Mißfelder am Morgen

Grade schalte ich WDR5 ein – und was kommt? Ein Interview mit Philipp Mißfelder zum SPD-Kompetenzteam. Warum befragt man diesen Mann zu diesem Thema?

War der Spruch „mehr Schatten als Kabinett“ wirklich unerwartet und informativ? Konnte man es Mißfelder nicht ersparen, dass er sich laut darüber wundert, dass das Kompetenzfeld Gesundheit nicht besetzt ist? Und: muss er den rhetorischen Geniestreich zücken, er könne nicht beurteilen ob sich Ulla Schmidt rechtlich richtig verhalten hat? Muss er wirklich nochmal wiederholen, dass er im Punkto Generationengerechtigkeit einen lebenslangen Gang nach Canossa unternimmt? Führt er olche Interviews im Automatik-Betrieb? Sind die oben genannten Ausfälle zwanghafte Reaktion, Dummheit – oder Schlauheit, weil diese primitiven Tricks in der Realität beim Wähler doch sehr gut funktionieren?

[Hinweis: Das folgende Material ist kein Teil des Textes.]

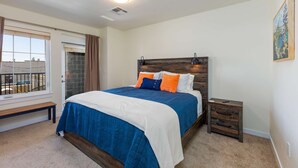 Un dormitorio con cama, mesita de noche y ventana con cortinas.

Kurzum: Ein Einstieg in den Morgen, der nur depressiv macht.

Wie erfrischend war da doch das WDR5-Tagesgespräch von vorgestern: In einer Anrufsendung, in der ein Moderator die unsäglich verlogene Empörung um Ulla Schmidts Dienstwagen umrührte und dazwischen Heribert Prantl interviewte. Der sagte nämlich tatsächlich Unerwartetes – oder Unerhörtes, wenn man die Höreranrufe als Maßstab nimmt.

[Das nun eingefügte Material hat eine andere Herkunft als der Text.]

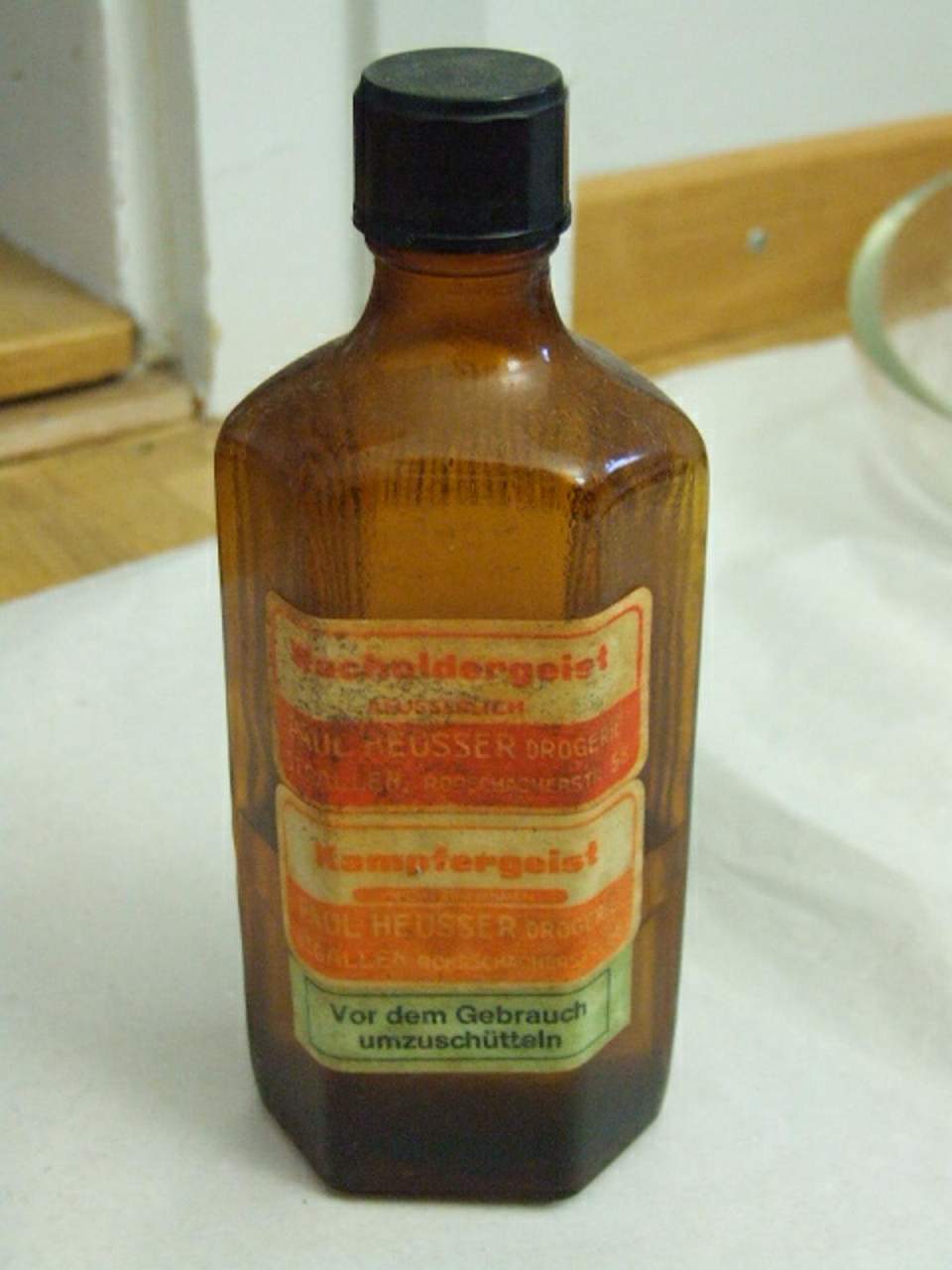 Braune Glasflasche mit Wacholdergeist resp,. Kampfergeist.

Diese Politikverdrossenheit findet immer wieder einen Anlass. Und Ulla Schmidt ist wieder einer der vielen kleinen Anlässe. Aber ich denke, man sollte es nicht übertreiben. Diese abgrundtiefe Politikverachtung, die man doch oft in Deutschland spürt – glaube ich – ist in diesem Maß doch unbegründet. Wenn man die deutschen Verhältnisse mit den britischen oder gar den italienischen vergleicht, dann geht es uns noch gold. Aber landläufig gilt ein Politiker bei uns als Angehöriger einer Kaste, die nicht viel kann und zu allem fähig ist. Die ganze Politik gilt als Netzwerk der Selbstbedienung, das die demokratische Ordnung überwuchert und erstickt. Die Politik als solche ist zum Synonym geworden für alltägliche Kungelei und Korruption. Und das ist schlichtweg – und das ist meine tägliche Erfahrung mit Politikern – falsch. Und es ist so falsch, dass es schon demokratiegefährlich ist.